-------- Data section --------

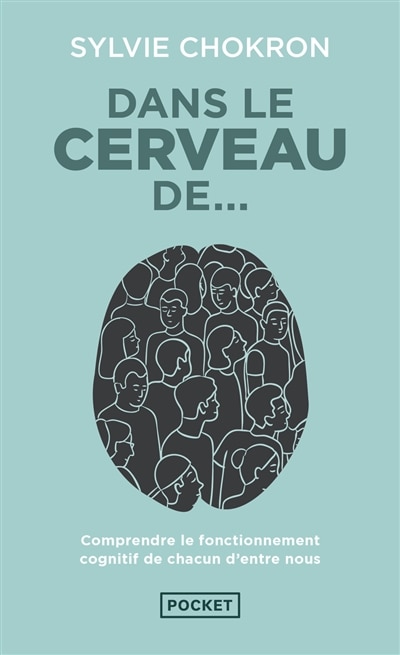 Front cover_Dans le cerveau de...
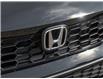 2025 Honda Civic Sport (Stk: 376250) in Ottawa - Image 9 of 23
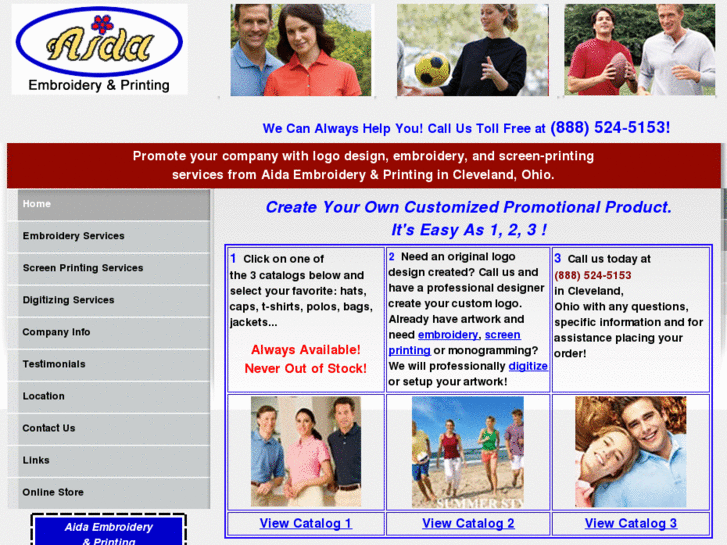 www.aidaemb.com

--------

# Exercise requirements
Repeat only the lines from the one holding "2025 Honda Civic" through the last line of the data, inclusive. Keep the pictures out.

# Response
 2025 Honda Civic Sport (Stk: 376250) in Ottawa - Image 9 of 23
 www.aidaemb.com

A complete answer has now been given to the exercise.